If pictures appear, leave them out, and return exactly the lines from the one holding "Интерьер салона" through the last line of the listing below.

◆ GIVEN MATERIAL:
-------------------------
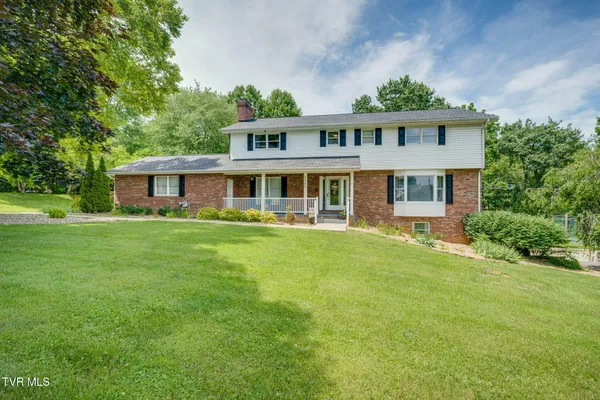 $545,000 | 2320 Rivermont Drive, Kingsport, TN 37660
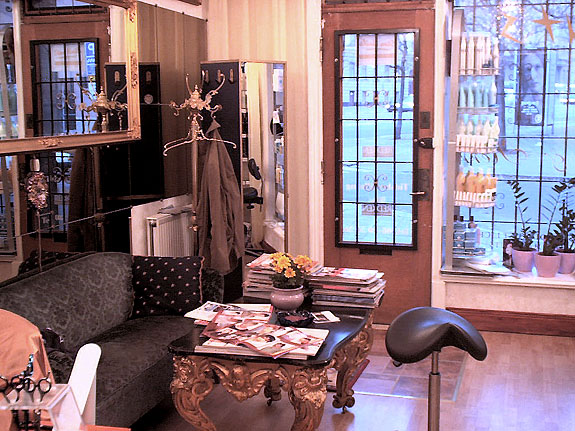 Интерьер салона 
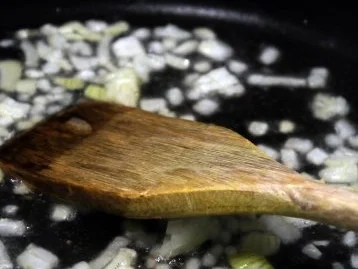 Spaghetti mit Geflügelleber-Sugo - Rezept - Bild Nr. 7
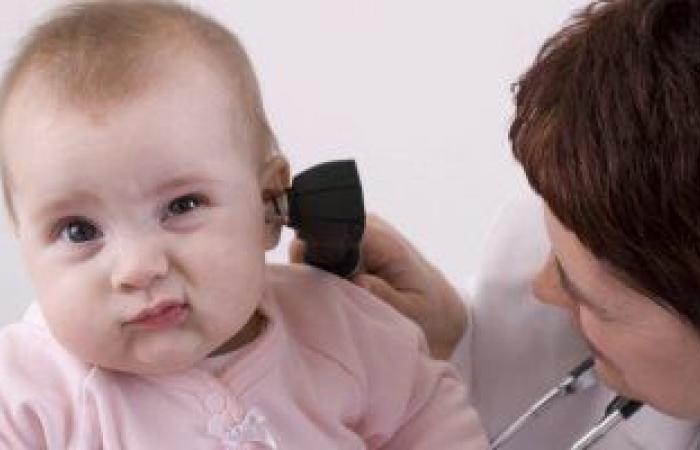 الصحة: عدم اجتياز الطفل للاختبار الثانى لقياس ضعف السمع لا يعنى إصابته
-------------------------
◆ TASK RESULT:
 Интерьер салона 
 Spaghetti mit Geflügelleber-Sugo - Rezept - Bild Nr. 7
 الصحة: عدم اجتياز الطفل للاختبار الثانى لقياس ضعف السمع لا يعنى إصابته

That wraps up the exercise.